> **Extracted entries**:

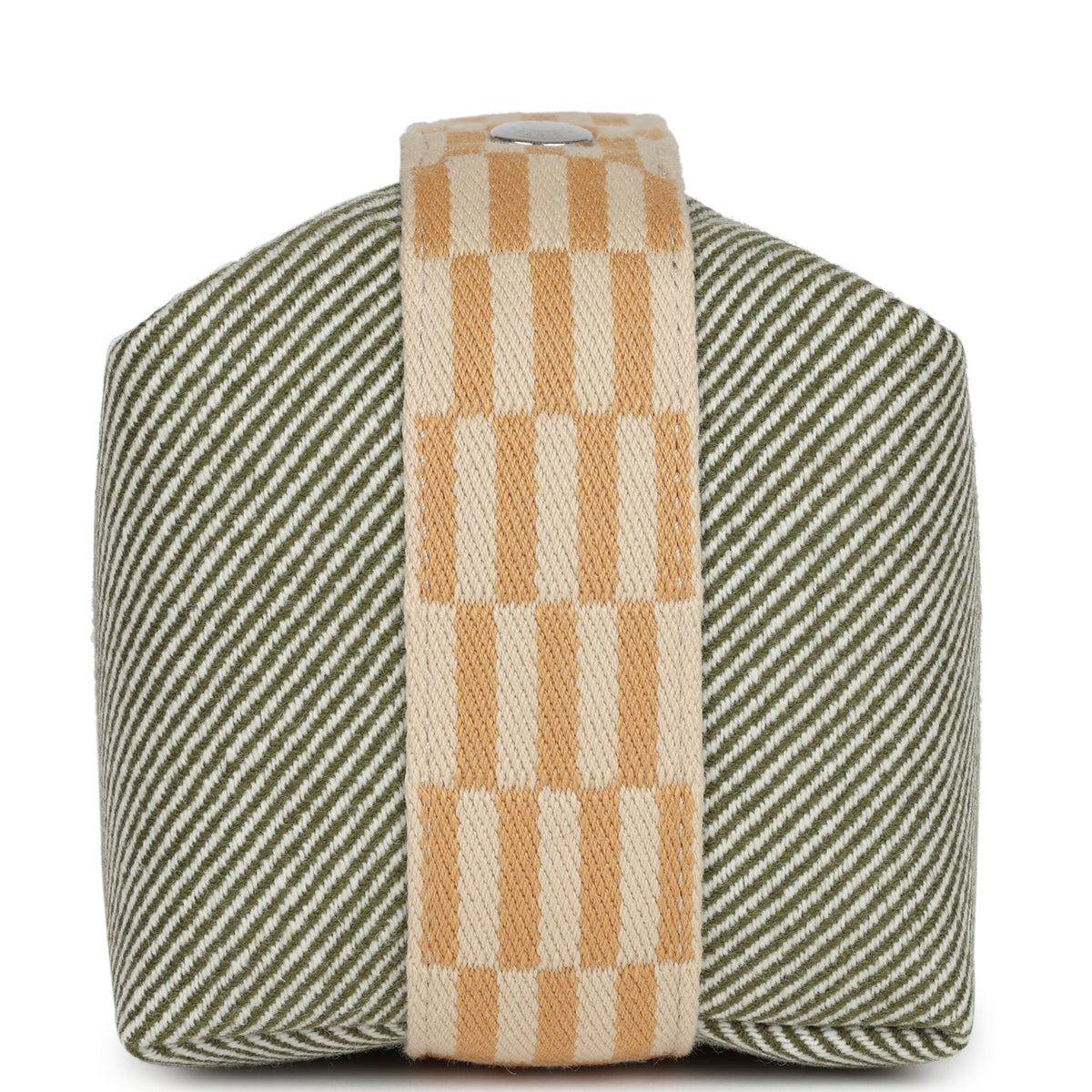 Hermès Bride-A-Brac PM Vert Foret H Natte Canvas and Wool Palladium Hardware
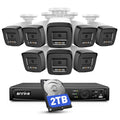 ANNKE 16 Channel Security Camera System 5MP PoE, Two-Way Audio, 2TB HDD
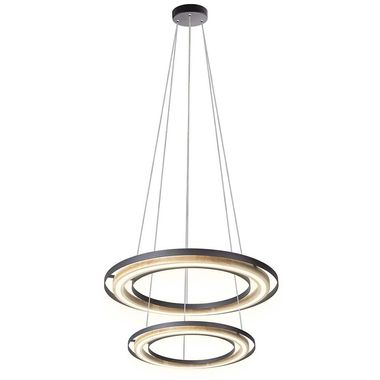 Lampada a sospensione a LED, bambù, metallo, H 150 cm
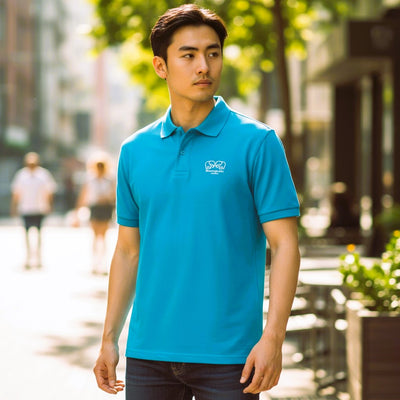 Aqua Blue Polo Shirt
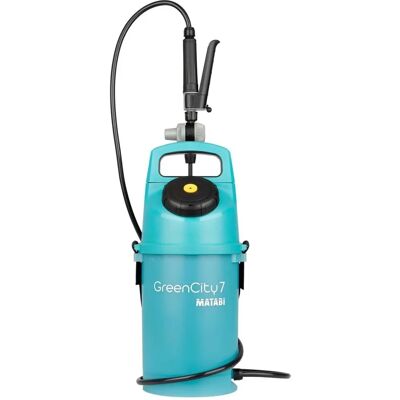 Greencity Matabi - Modelo 7 - Pulverizador de presión 5L - Juego de boquillas Greencity Matabi - Modelo 7 - Pulverizador de presión 5L - Juego de boquillas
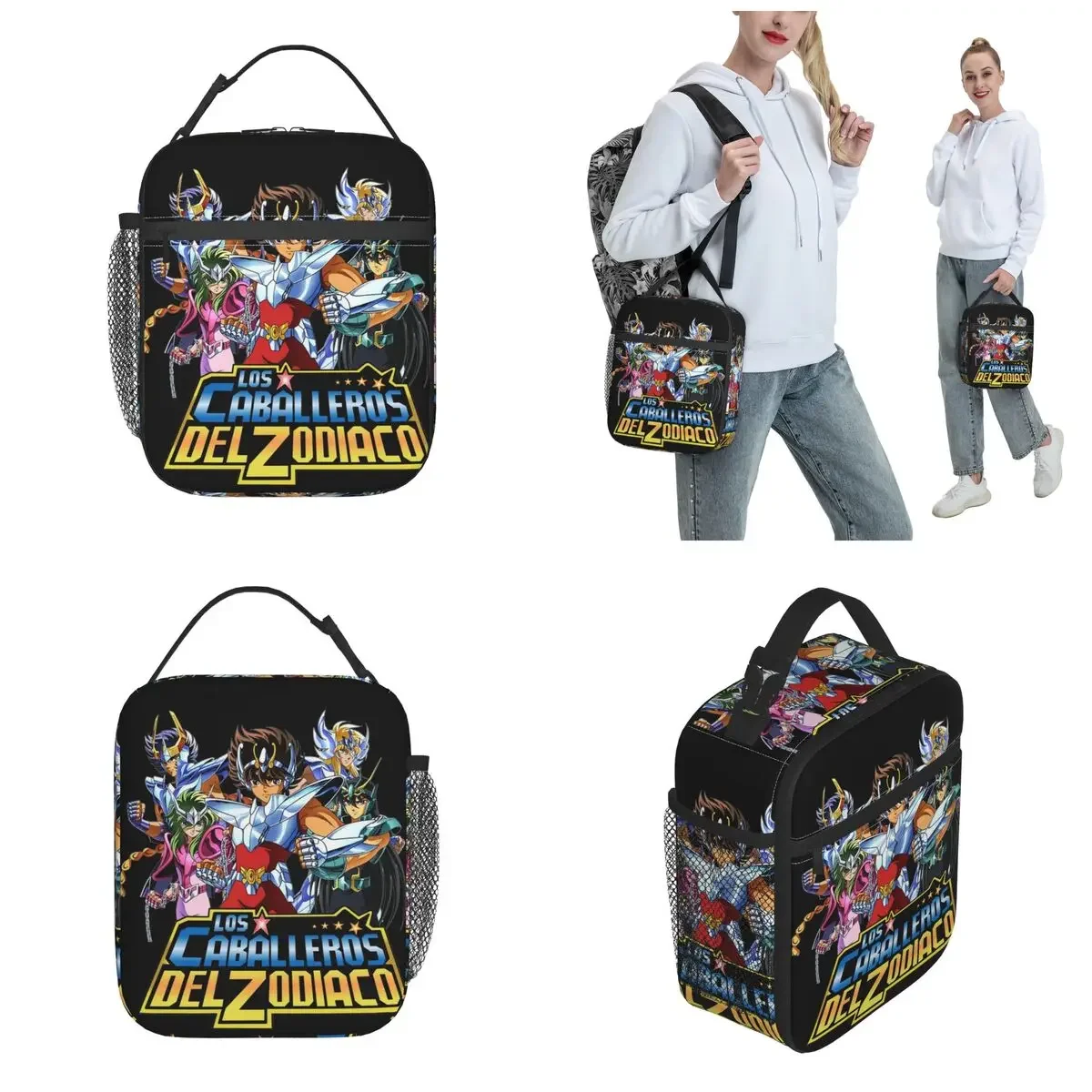 2025 New Knights Of The Zodiac Thermal Insulated Lunch Bags for Travel Saints Seiya Portable Food Container Bags Cooler Thermal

> **Task objective**:
Reproduce the lines from the line with "ANNKE 16 Channel" through the last line of the entries exactly, including both ends and excluding pictures.

> **Solution**:
 ANNKE 16 Channel Security Camera System 5MP PoE, Two-Way Audio, 2TB HDD
 Lampada a sospensione a LED, bambù, metallo, H 150 cm
 Aqua Blue Polo Shirt
 Greencity Matabi - Modelo 7 - Pulverizador de presión 5L - Juego de boquillas Greencity Matabi - Modelo 7 - Pulverizador de presión 5L - Juego de boquillas
 2025 New Knights Of The Zodiac Thermal Insulated Lunch Bags for Travel Saints Seiya Portable Food Container Bags Cooler Thermal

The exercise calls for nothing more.